Department of Statistics Seminar
North Carolina State University

presents

Raymond Webster, Jungsoon Choi, Jiajun Liu

North Carolina State University

A Sampler of Graduate students

Modeling Observer Effects on Animal Density and Detection for Combined Distance and Capture-Recapture Data
Abstract
: The estimation of animal density using distance sampling methods generally ignores the effects of survey transects or observers on local animal density or detection probability. Typically, density is assumed to be uniform around the transect, which fails to allow for avoidance of or attraction to the transect by an animal species, while detection probability must be perfect on the transect, which may be untrue for many species. We propose parametric models for combined distance and capture-recapture survey data from line and point transect surveys that allow for two types of movement: permanent avoidance of or attraction to a transect, and temporary displacement of animals in the vicinity of a transect. Through a simulation study, we show that, provided sufficient animals are detected, the parameter estimators have little bias, and can lead to improved density estimates over the uniform model. We apply our models to a point transect survey of birds in the Great Smoky Mountains National Park.
*This is joint work with Kenneth Pollock (NCSU)

Multivariate Spatiotemporal Model for Speciated Fine Particulate Matter*
Abstract: Fine particle matter (PM2.5) is an atmospheric pollutant that has been linked to serious health problems, including mortality. PM2.5 is a mixture of pollutants, and it has five main components: sulfate, nitrate, total carbonaceous mass, ammonium, and crustal materials. These components have complex spatial -temporal dependency and cross-dependency structures. It is important to gain insight and better understanding about the spatial distribution of each component of total PM2.5, and also to estimate how the composition of PM2.5 might change with location and season.

In this work we introduce a multivariate spatiotemporal model for speciated PM2.5. We propose a Bayesian hierarchical framework with spatiotemporally varying coefficients. In addition, a linear coregionalization model is developed to account for spatial and temporal dependence across the five different components as well as the associations among components at a given location and time. We apply our model to speciated PM2.5 monitoring data in the United States for the year 2004 from the U.S. Environmental Protection Agency.
*This is joint work with Montserrat Fuentes, Brian Reich, and Jerry M. Davis (NCSU)

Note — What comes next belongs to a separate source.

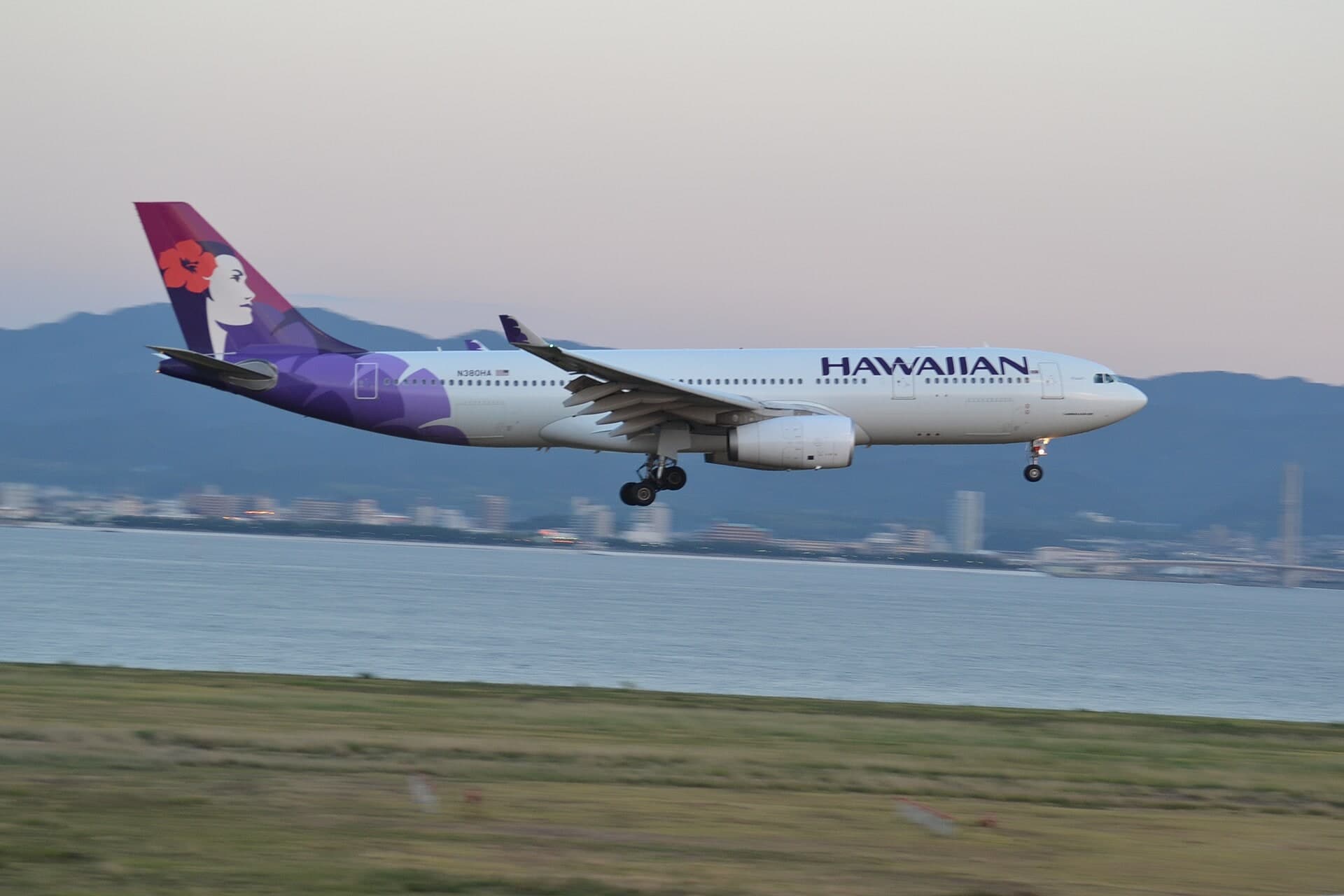 N380HA — Twin-engine aircraft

Analysis of Gene Expression Data Using the Gene Ontology*
Abstract: New technologies for biological systems give scientists the ability to measure thousands of gene expression for bio-molecule including genes, proteins, lipids and metabolites. Our goal is to use domain knowledge, e.g. the Gene Ontology, to guide analysis of such data. By focusing on domain-aggregated results at, say the molecular function level, increased interpretability is available to biological scientists beyond what is possible if results are presented at the gene level. We use a “top-down” approach to perform domain aggregation by first combining gene expression before testing for differentially expressed patterns. This is contrast to the more standard “bottom-up approach where genes are first tested individually then aggregated by domain knowledge. Our method is assessed and compared to other methods using a series of simulation studies. Implications from analysis of a real dataset are also presented.
*This is joint work with J. M. Hughes-Oliver (NCSU) and Alan Menius (GSK)

Friday, August 25, 2006

3:35 - 4:35 pm

206 Cox Hall

Refreshments will be served on the second floor of Dabney Hall (left of Room 222) at 3:00 pm.